Afterwards, Mr Robinson, who has himself overcome bitter political differences to work with Mr McGuinness, said the meeting was a sign that politics was working and an age-old quarrel had been set to one side.
The Northern Ireland secretary Owen Paterson said: “This will move Northern Ireland on to a whole new plane. After all the trauma of Northern Ireland, everyone is looking forward. This is a moment in Northern Ireland’s history that will shine in our collective memory.
Mr Higgins said he had been delighted “to have the opportunity for a brief but very warm meeting” with the Queen.
He said it marked “another important step on the journey to reconciliation on this island”.
Later, as the Queen left the theatre to continue her Diamond Jubilee tour of Northern Ireland, she shook hands once more with Mr McGuinness – this time in public.
As they shook hands for a second time, Mr McGuinness wished the Queen well in Irish and told her that the phrase meant: “Goodbye and God’s speed.”
Asked as he was leaving how his meeting with the Queen had gone, Mr McGuinness described it as “very nice” saying that “it went really well”.
Before he got into his chauffeur-driven car, Mr McGuinness, who has been criticised by hardliners in his movement for compromising his beliefs, quickly added: “I’m still a Republican.”
Prime Minister David Cameron’s official spokesman said the Queen’s visit to the Republic of Ireland last year had “taken relations between the two countries to a new level”.
He added: “We think it is right that the Queen should meet representatives from all parts of the community.”
Sinn Fein president Gerry Adams said he very much welcomed the meeting between the Queen and Mr McGuinness.
Speaking to reporters in Dublin, Mr Adams said: “It brings our journey of relationship building within this island and between these islands on to a new plane.
“I think the vast majority of Unionists will be pleased this happened because they know it was essentially a real gesture towards their sense of identity and their sense of allegiance.
“Whatever personal feelings Martin may have, no more than myself, doesn’t come into it. It was a good thing for him to do and I commend him for it,” he added.
For the Queen, the day must have been one of mixed feelings given that her distant cousin and the Duke of Edinburgh’s uncle, Lord Louis Mountbatten, was murdered by the IRA in 1979 when Mr McGuinness is said to have been the Provisionals’ chief of staff.

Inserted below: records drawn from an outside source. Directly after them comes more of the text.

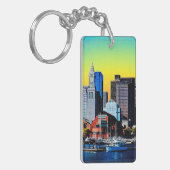 ザカスタムハウスボストンUSAポスタークロス顔マスク キーホルダー (正面左)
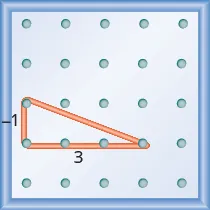 The figure shows a grid of evenly spaced dots. There are 5 rows and 5 columns. There is a rubber band style triangle connecting three of the three points at column 1 row 3, column 1 row 4,and column 4 row 4.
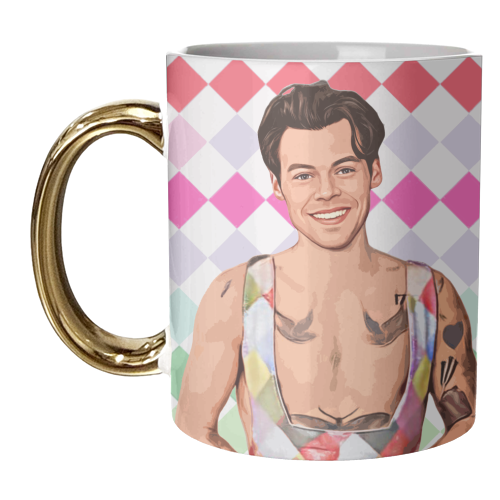 RAINBOW CHECK HARRY - unique mug by DOLLY WOLFE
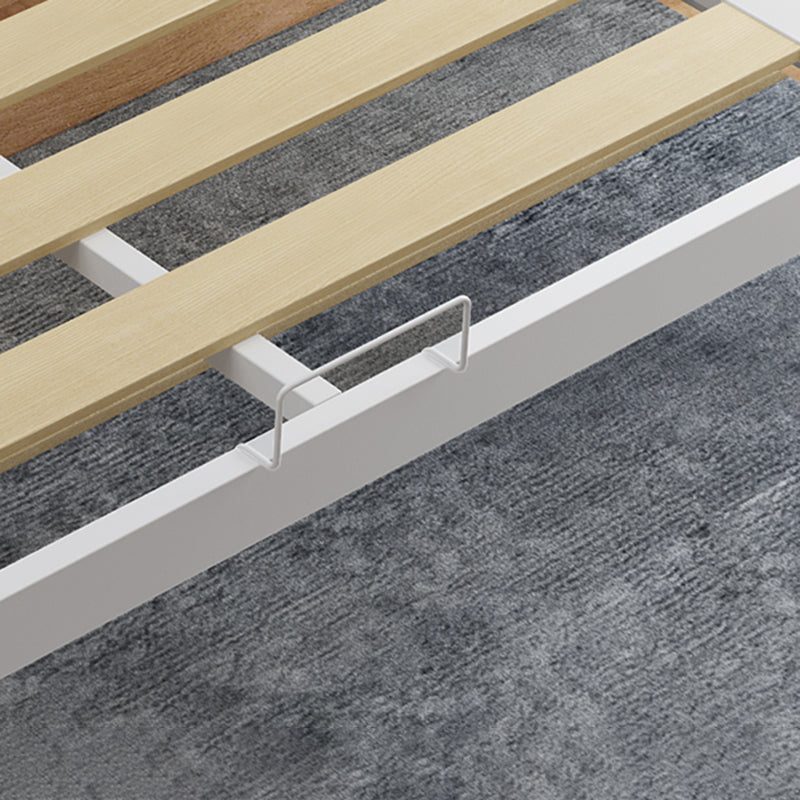 Contemporary Metal Platform Bed Panel Frame with Upholstered Headboard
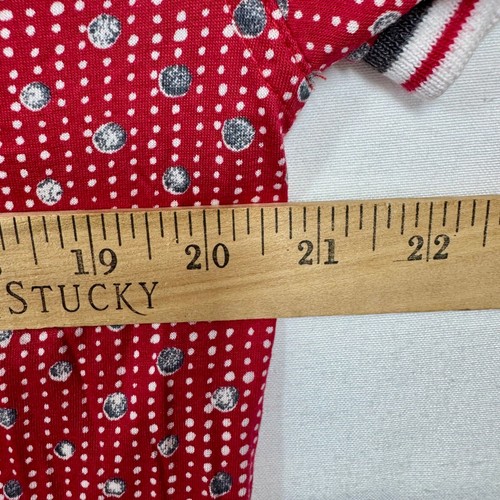 Lily's of Beverly Hills Polka Dot Polo Shirt Short Sleeve Top Red Sz Large - Picture 6 of 9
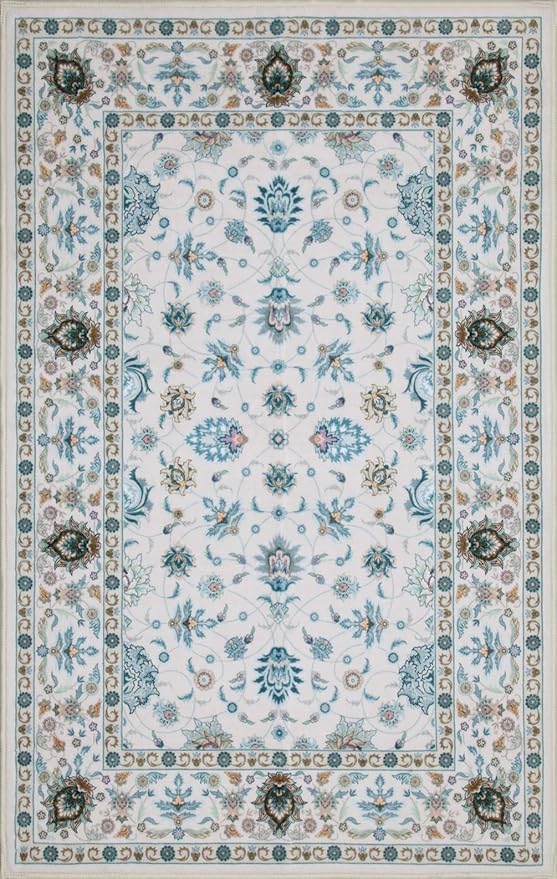 WILLSUN Washable Area Rugs, 9x12 Non-Slip Boho Large Area Rugs for Living Room, Bedroom, Machine Washable Vintage Rug, Indoor Floral Print Carpet for Home Decor, Kid & Pet Friendly Mat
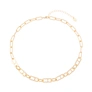Guldfärgat halsband, pappersklämmelänk - 42+7 cm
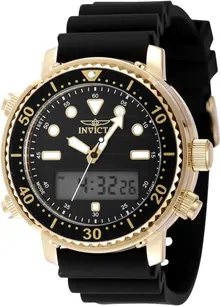 Invicta Pro Diver Men 46.5mm Stainless Steel Gold Black Dial Electronic Digital Watch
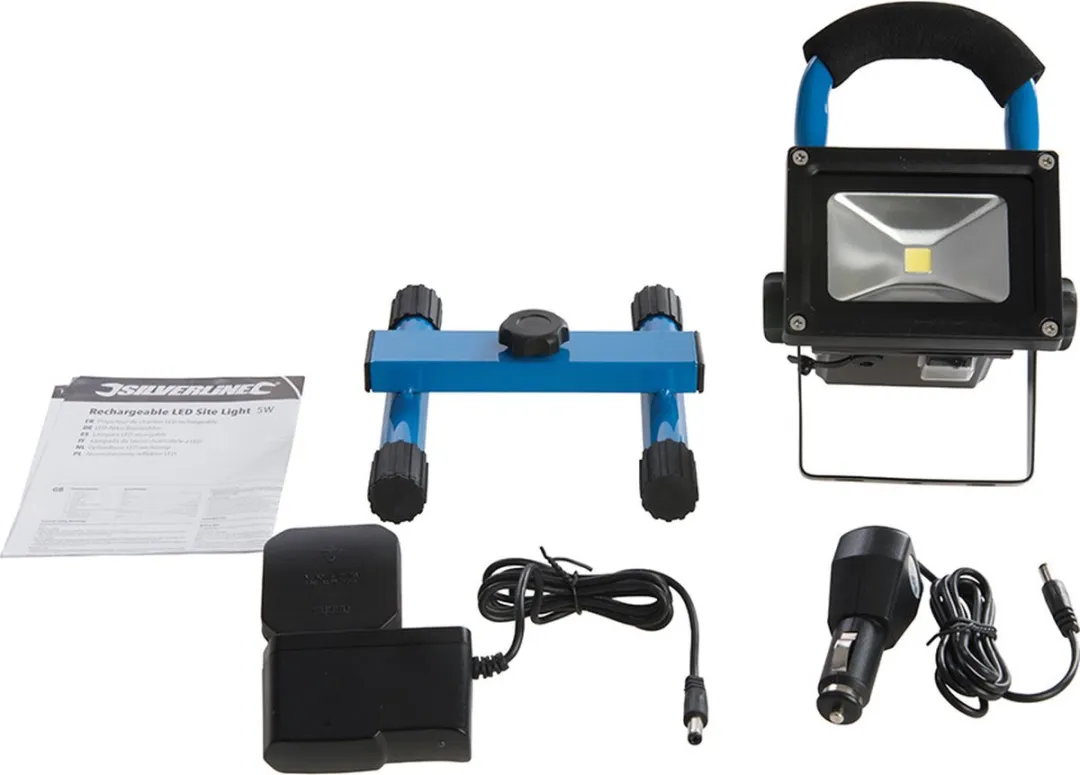 Silverline Oplaadbare LED Werklamp 5W - Zwart/Blauw - afbeelding 6 van 6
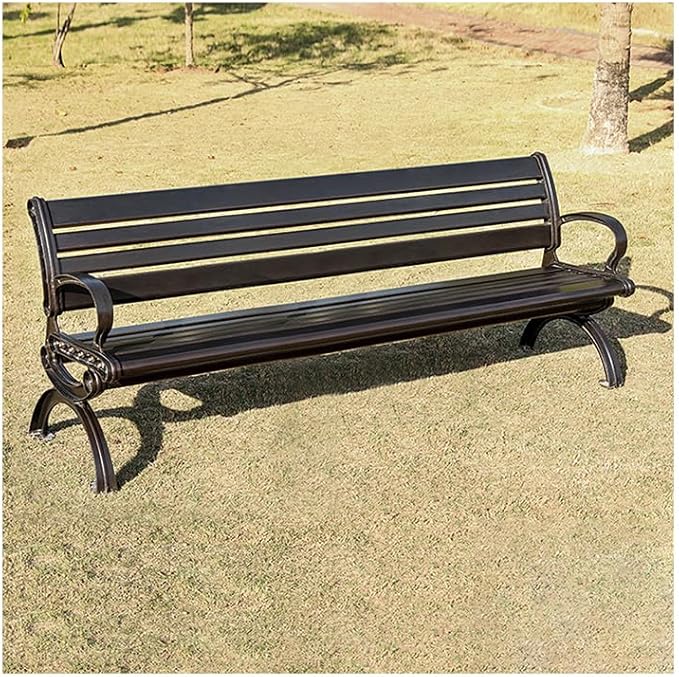 Outdoor Bench Chair Cast Aluminum Park Bench Large All Weather Metal Garden Bench for Backyard Porch Lawn (200cm DB Bench)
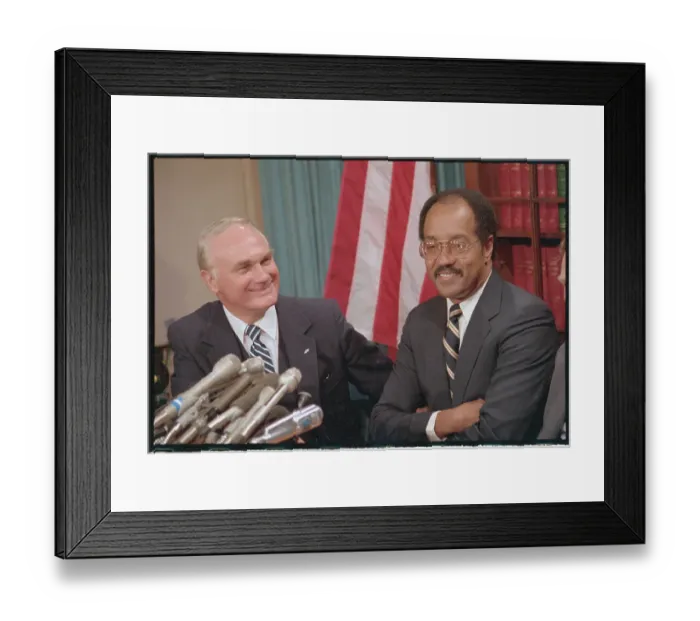 Framed Print : William Gray and Delbert Latta Speaking to Reporters Framed Print : William Gray and Delbert Latta Speaking to Reporters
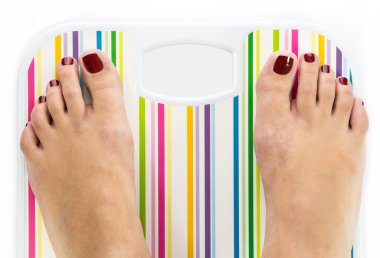 Feet on bathroom scale with blank dial copy-space isolated clipart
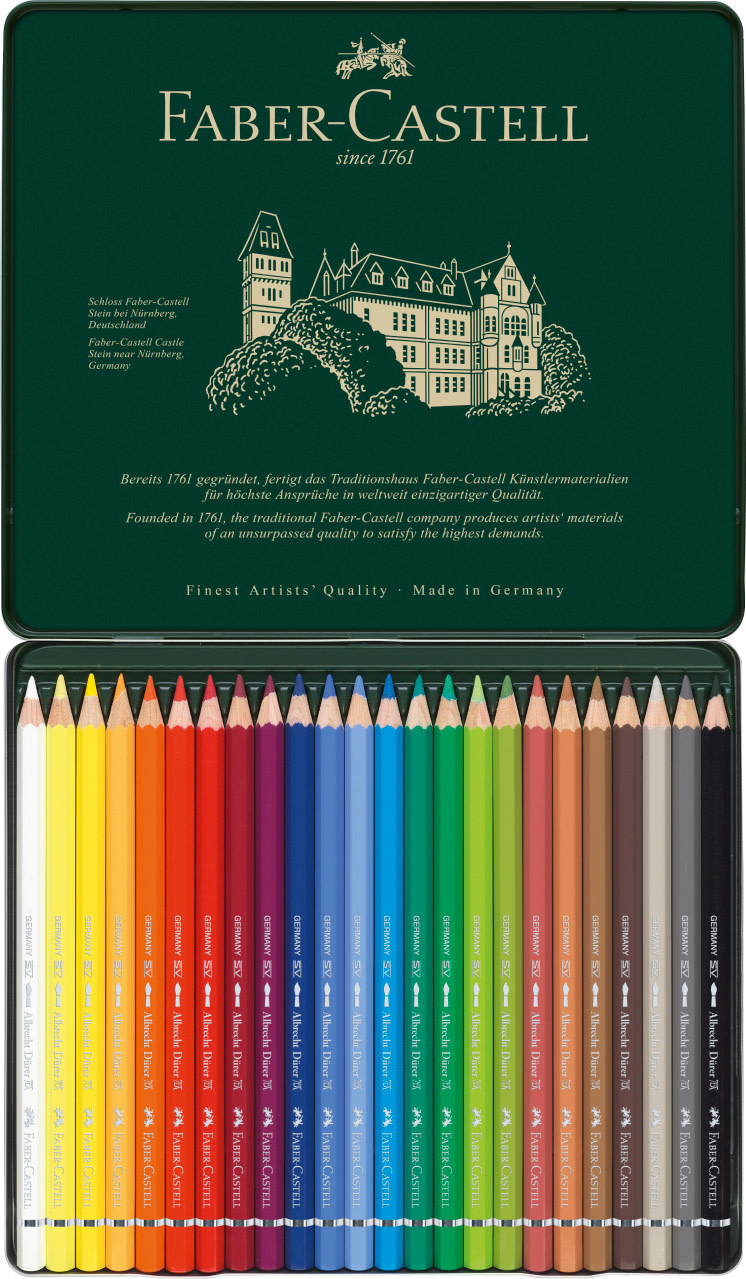 FABER CASTELL Crayons couleur A. Dürer boîte métal 24x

Lord Mountbatten was one of the highest profile victims of the terrorist conflict that claimed 3,700 lives. During the Troubles, the IRA was also behind a foiled plot to murder the Prince and Princess of Wales at a pop concert in London. There was also an attempt on the lives of the Queen and the Duke of Edinburgh during a visit to the Province in the 1970s when the Troubles were at their height.
After a visit to Belfast’s Titanic tourist attraction, the Queen and the Duke of Edinburgh made the short journey to Stormont, home of the Northern Ireland Assembly and the scene of many of the key political breakthroughs on the road to peace.
It was a sign of the more peaceful times and a thorough security operation that the Queen and her husband were able to stand and wave at 20,000 well-wishers who thronged the avenues leading to the assembly from an open-air vehicle.
The Queen and the Duke were then greeted near the statue to Lord Carson, one of the founders of Northern Ireland, by Mr Robinson and his wife Iris. Among those clamouring to see the Queen was Richard Gilpin, 78, from Ballymena in Co Antrim.
The ex-army man said he had been proud to serve in the Crown forces and was glad to witness the festivities.
“I have waited a long time to see this. It is a smashing tribute to our monarch. She means so much to us as our Queen. She represents the nation and we are delighted to have her here,” he said.
He said the Martin McGuinness handshake was a moment of forgiveness.
“It is a real sign of changed times in Northern Ireland. She is our Queen and she is gracious enough to do what once was impossible,” he said.